Bref, le CSARS ne peut voir les rapports de renseignement de sécurité, dont j'ai parlé plus tôt, sur lesquels s'appuient les décisions du gouverneur en conseil, et ce, en raison du caractère confidentiel de ces documents du Cabinet.

Nous reconnaissons que le paragraphe 39(3) de la Loi sur le Service canadien du renseignement de sécurité empêche le CSARS d'avoir accès aux documents confidentiels du Cabinet, et nous reconnaissons aussi que le processus d'inscription contient d'autres mécanismes de contrôle. Néanmoins, le comité croit qu'il est important que vous sachiez que cette contrainte l'empêche d'effectuer un examen complet du rôle du SCRS dans le processus d'inscription.

Je préciserai que dans le passé, les quelques fois que le CSARS s'est buté à des questions qui avaient trait aux documents confidentiels du Cabinet, nous avons réussi à nous entendre avec les procureurs généraux en poste pour satisfaire nos préoccupations. Je tiens à vous dire que la présidente a soulevé ce point à l'attention de la ministre McLellan, et nous attendons une réponse de sa part.

Nous nous préoccupons aussi, mais dans une moindre mesure, des cas où un autre organisme, comme la GRC, pourrait préparer un rapport de renseignement de sécurité. À l'alinéa 83.05(6)a) du Code criminel qui porte sur l'examen judiciaire du processus d'inscription, on peut lire « les renseignements en matière de sécurité ou de criminalité qui ont été pris en considération pour l'inscription du demandeur sur la liste ». Le code précise pas cependant quels ministères ou organismes canadiens peuvent rédiger ces rapports. La présence du mot « criminalité » laisse entendre que la GRC pourrait jouer un rôle dans ce processus, et cela nous a été confirmé par le SCRS.
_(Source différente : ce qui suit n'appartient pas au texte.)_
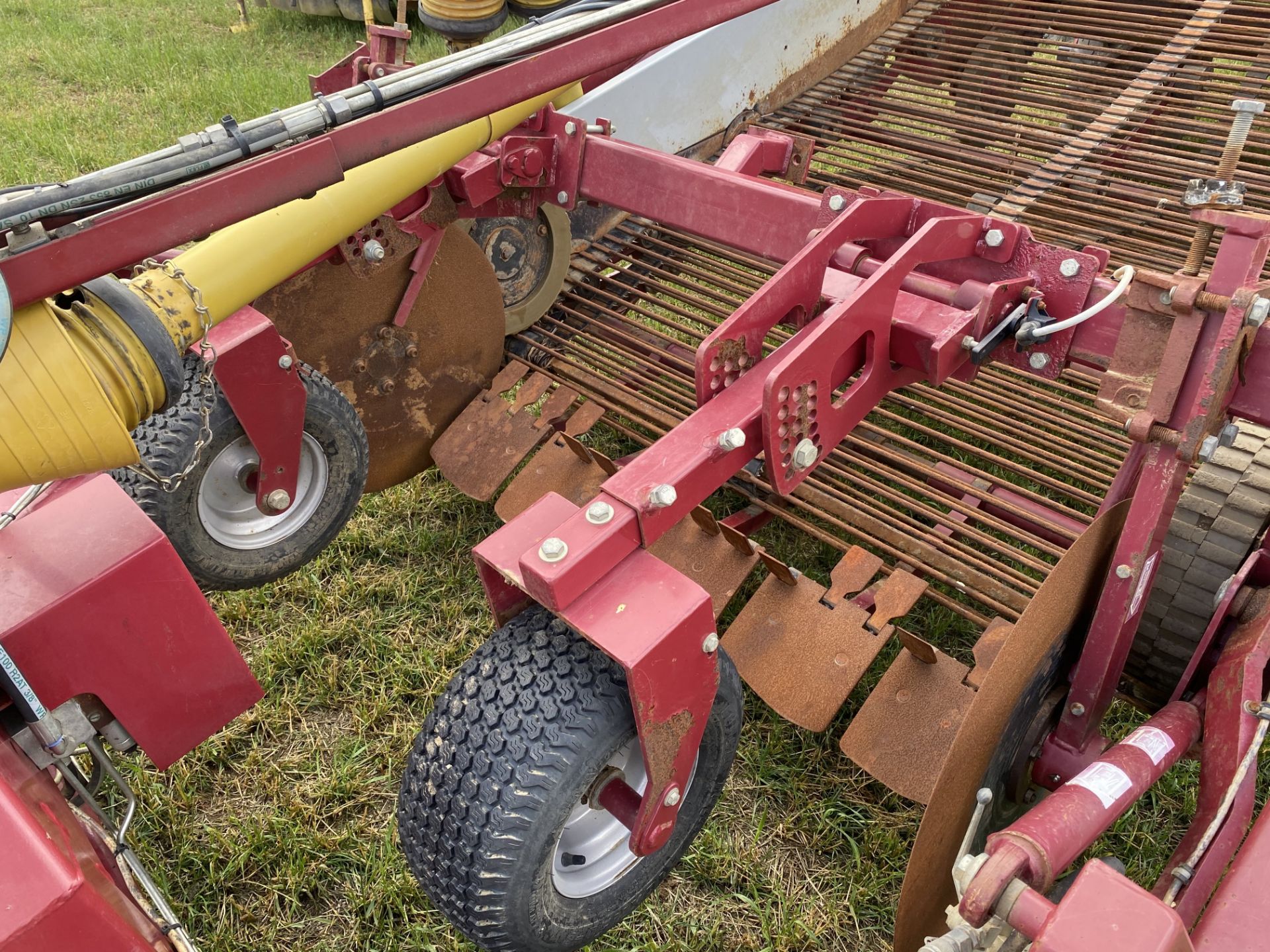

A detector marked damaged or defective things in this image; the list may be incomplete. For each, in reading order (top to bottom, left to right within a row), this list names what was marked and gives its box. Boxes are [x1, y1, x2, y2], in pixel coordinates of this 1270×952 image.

Si la GRC préparait un rapport de renseignement de sécurité aux fins du processus d'inscription du gouverneur en conseil, le CSARS ne pourrait l'examiner, car son mandat se limite au SCRS.

J'aborderai maintenant mon dernier point, soit le CSARS et la Loi sur la protection de l'information.

La Loi sur les secrets officiels a été abrogée par la Loi antiterroriste et remplacée par la Loi sur la protection de l'information. Cette loi a créé une nouvelle responsabilité pour le CSARS. L'article 15 prévoit en effet la possibilité de recourir à une défense d'intérêt public dans le cas où une personne astreinte au secret à perpétuité divulgue des renseignements opérationnels spéciaux définis par la loi.

Une telle défense ne serait autorisée que si la personne avait d'abord informé l'administrateur général ou le sous- procureur général du Canada de la question, et en l'absence d'une réponse de ces personnes, le CSARS.

Nous avons plusieurs questions au sujet de ces dispositions, notamment quelle était l'intention du Parlement lorsqu'il a créé ce rôle pour le CSARS? Cette disposition permet au CSARS de recevoir des renseignements opérationnels spéciaux, mais n'indique pas au CSARS quoi faire quand il reçoit de tels renseignements. Si le Parlement veut que le comité mène une enquête au sujet des renseignements opérationnels spéciaux, quels sont alors les pouvoirs du comité aux termes de la loi? Le comité doit-il formuler des conclusions et des recommandations?

Il faut aussi préciser si le comité doit présenter un rapport sur une telle enquête et à qui. Ces questions demeurent floues pour le CSARS, et aucun lien clair n'a été établi entre ces questions et son mandat en vertu de la Loi sur le SCRS.

Étant donné les répercussions potentiellement graves associées à la divulgation de tels renseignements par les fonctionnaires, le comité souhaiterait recevoir de plus amples précisions à cet égard.

Pour terminer, j'aimerais remercier les membres du Sénat d'avoir donné au CSARS l'occasion de s'exprimer sur certains problèmes concernant la Loi antiterroriste. J'espère que mes observations vous aideront dans votre examen et je me ferai un plaisir de répondre aux questions que vous pourriez avoir.